┌─ Dataset content

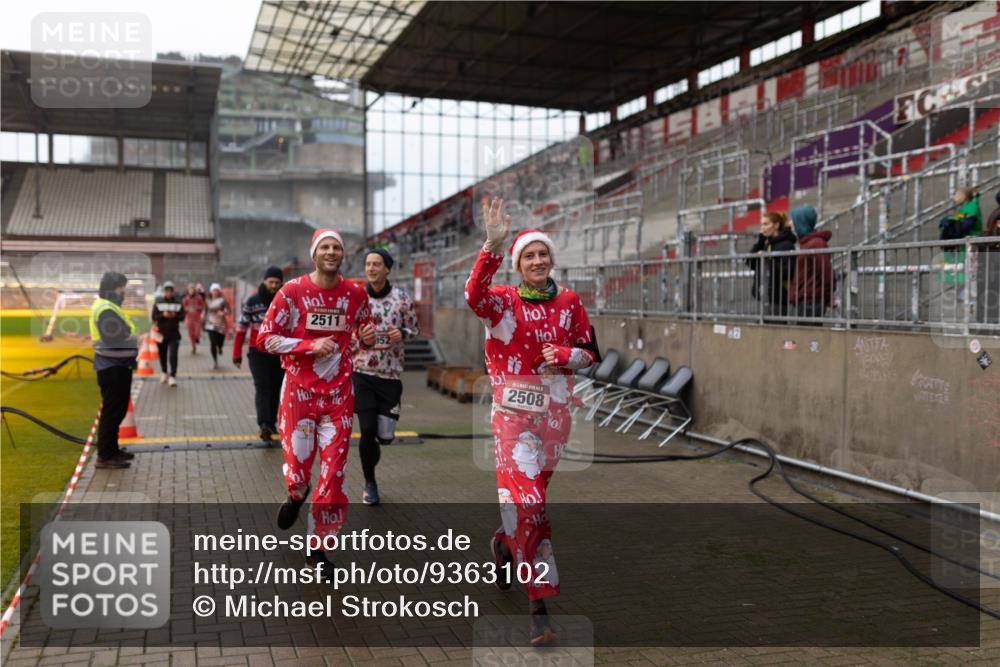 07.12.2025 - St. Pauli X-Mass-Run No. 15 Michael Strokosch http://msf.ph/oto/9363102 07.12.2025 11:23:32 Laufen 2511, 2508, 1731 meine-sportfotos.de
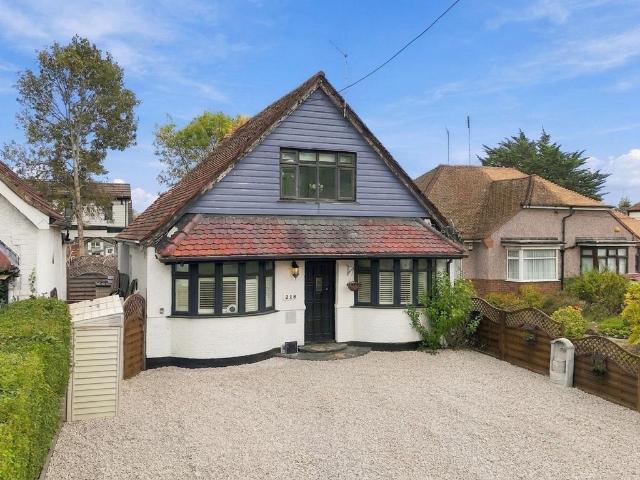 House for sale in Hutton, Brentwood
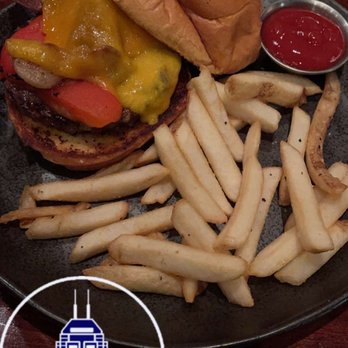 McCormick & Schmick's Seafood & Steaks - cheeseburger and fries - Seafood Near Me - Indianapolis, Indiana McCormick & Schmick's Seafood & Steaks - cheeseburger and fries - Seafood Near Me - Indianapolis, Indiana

└─

### [What is needed]
Word-for-word transcription: the whole listing, with images excluded.

### [Worked solution]
 07.12.2025 - St. Pauli X-Mass-Run No. 15 Michael Strokosch http://msf.ph/oto/9363102 07.12.2025 11:23:32 Laufen 2511, 2508, 1731 meine-sportfotos.de
 House for sale in Hutton, Brentwood
 McCormick & Schmick's Seafood & Steaks - cheeseburger and fries - Seafood Near Me - Indianapolis, Indiana McCormick & Schmick's Seafood & Steaks - cheeseburger and fries - Seafood Near Me - Indianapolis, Indiana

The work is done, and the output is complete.